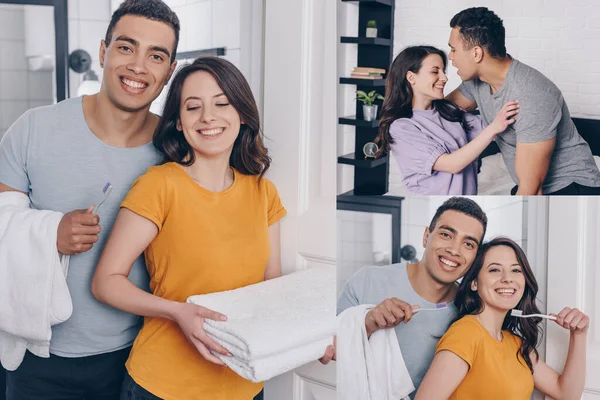Collage Cheerful Multiracial Couple Holding Towels Toothbrushes Bathroom — Stock Photo, Image
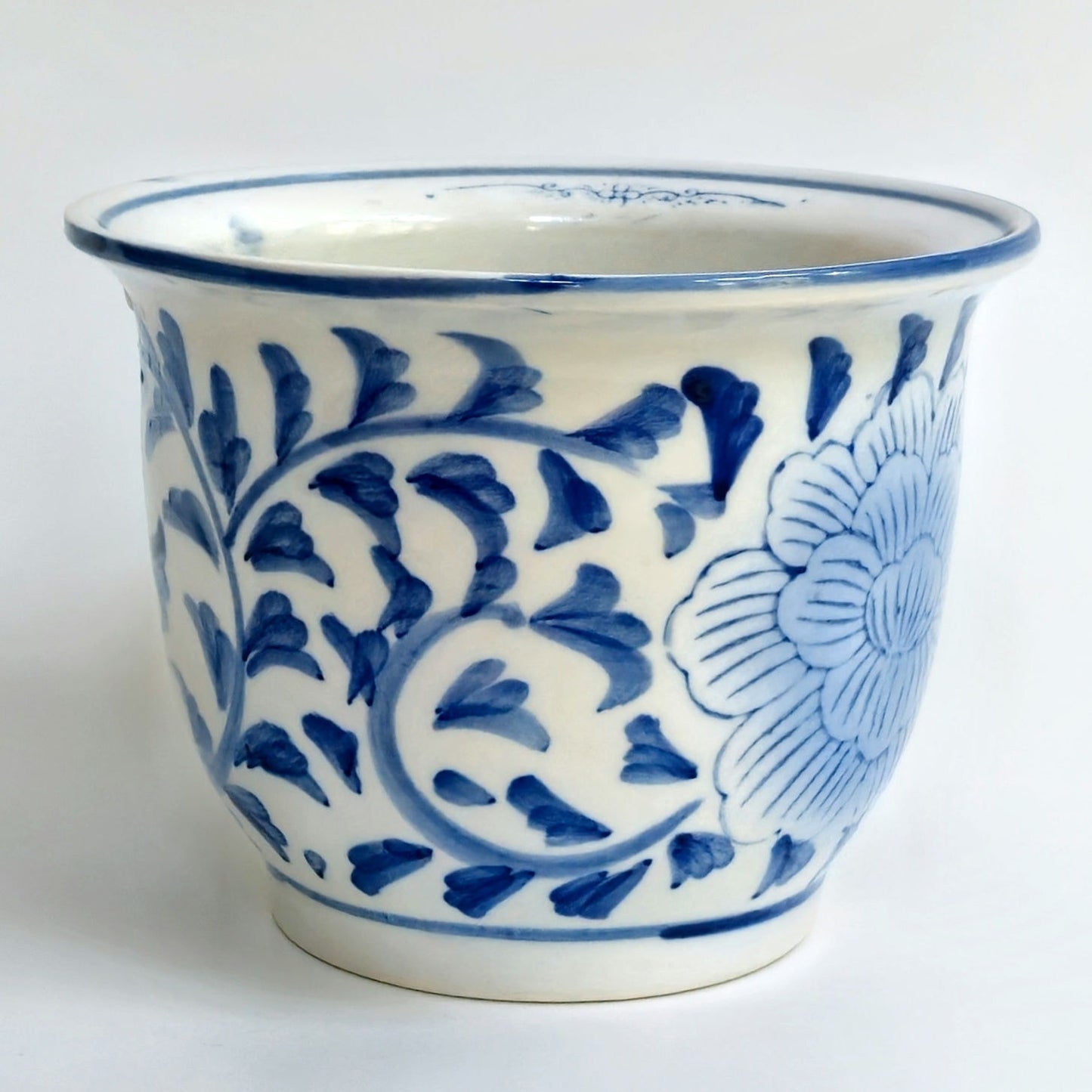 1980s Blue & White Ceramic Planter Pot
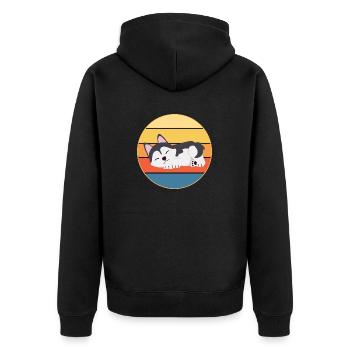 Drôle Kawaii Mignon Husky Dog Vintage Retro Sunset - Veste à capuche bio Premium Unisexe - noir - Dos - Nico (187cm)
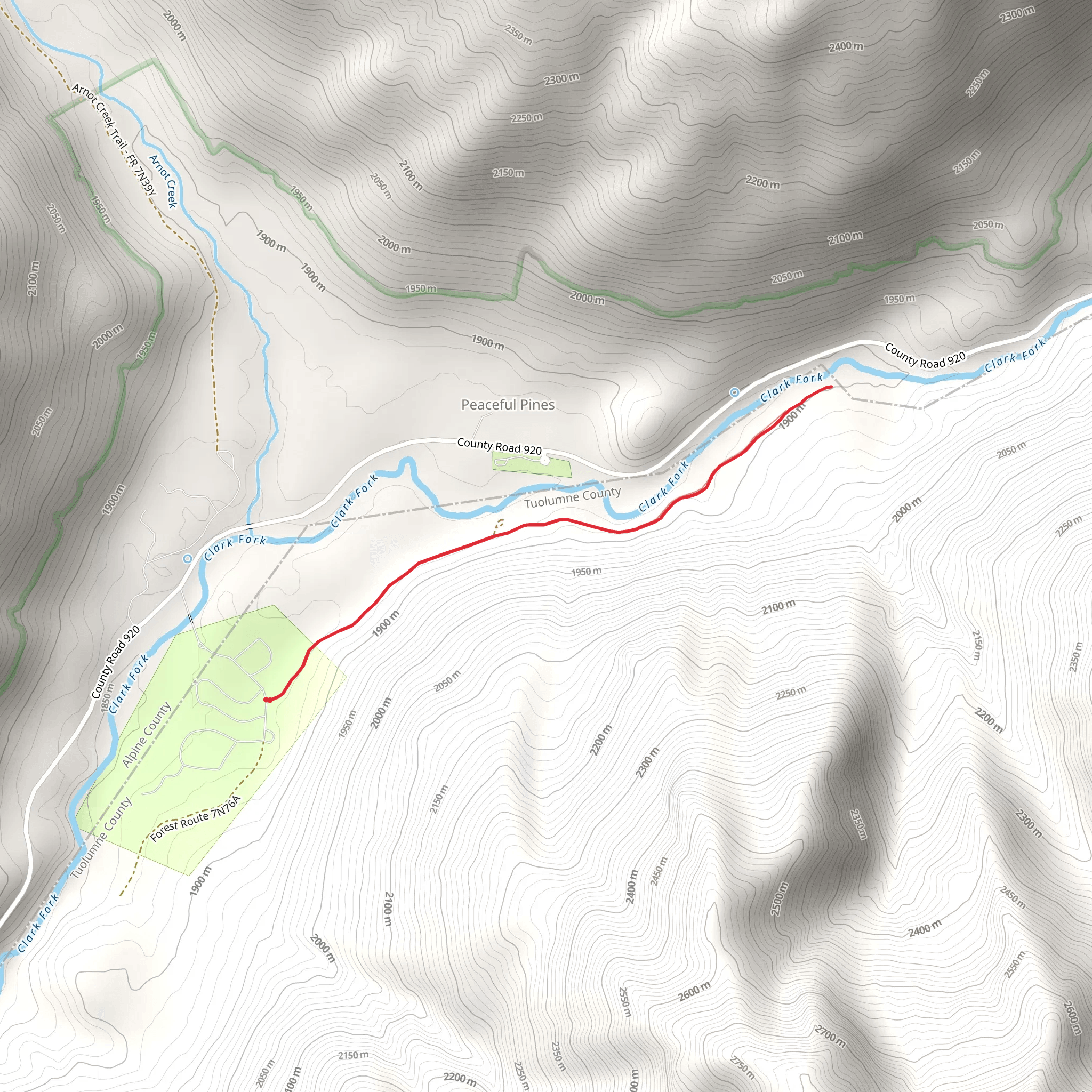 Clark Fork Campground Trail mobile static map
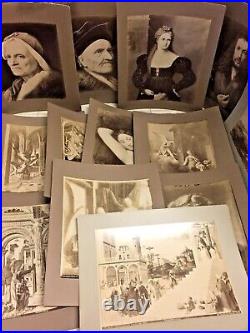 LOT OF 15 Antique 1800s (1892-1897) Mounted Albumen Prints 12x15 Embossed Stamps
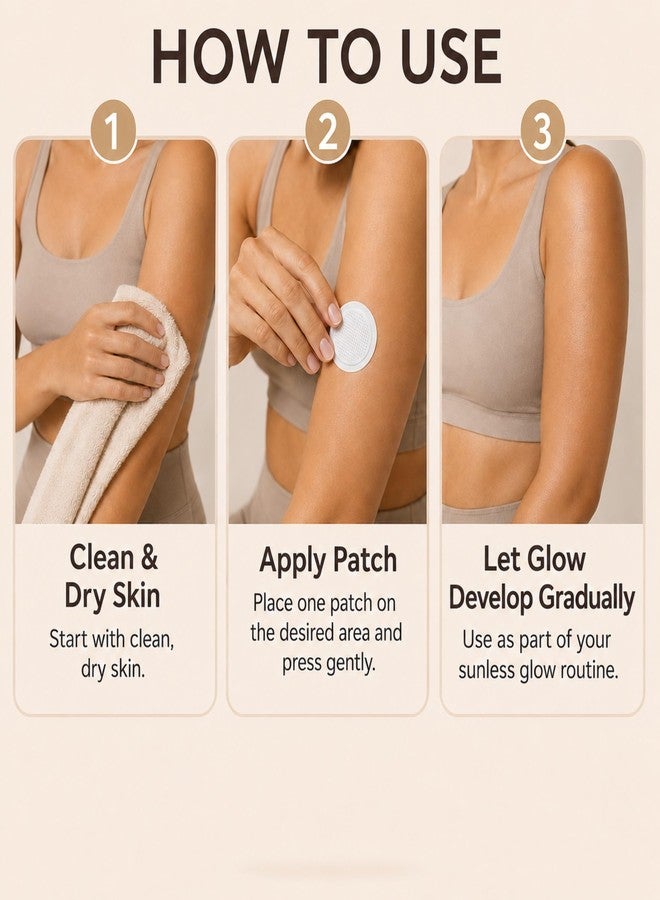 لاصقات PurevLab Sun-Free Glow للنساء، 10 لاصقات، مُسمّر للجسم بدون فوضى للذراعين والبطن، يُعطي لونًا برونزيًا طبيعيًا تدريجيًا، بدون خطوط. - Image 5
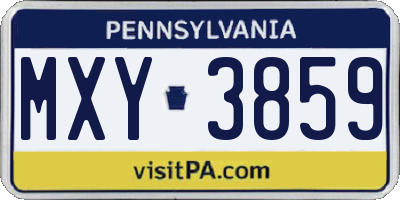 PA license plate MXY3859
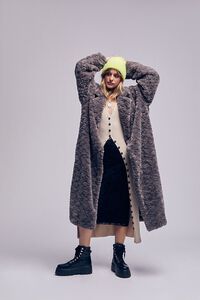 GREY Faux Fur Longline Coat, image 1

■ Work order ■
Your task is to set down every entry exactly, leaving out any picture it contains.

■ Solution ■
Collage Cheerful Multiracial Couple Holding Towels Toothbrushes Bathroom — Stock Photo, Image
 1980s Blue & White Ceramic Planter Pot
 Drôle Kawaii Mignon Husky Dog Vintage Retro Sunset - Veste à capuche bio Premium Unisexe - noir - Dos - Nico (187cm)
 Clark Fork Campground Trail mobile static map
 LOT OF 15 Antique 1800s (1892-1897) Mounted Albumen Prints 12x15 Embossed Stamps
 لاصقات PurevLab Sun-Free Glow للنساء، 10 لاصقات، مُسمّر للجسم بدون فوضى للذراعين والبطن، يُعطي لونًا برونزيًا طبيعيًا تدريجيًا، بدون خطوط. - Image 5
 PA license plate MXY3859
 GREY Faux Fur Longline Coat, image 1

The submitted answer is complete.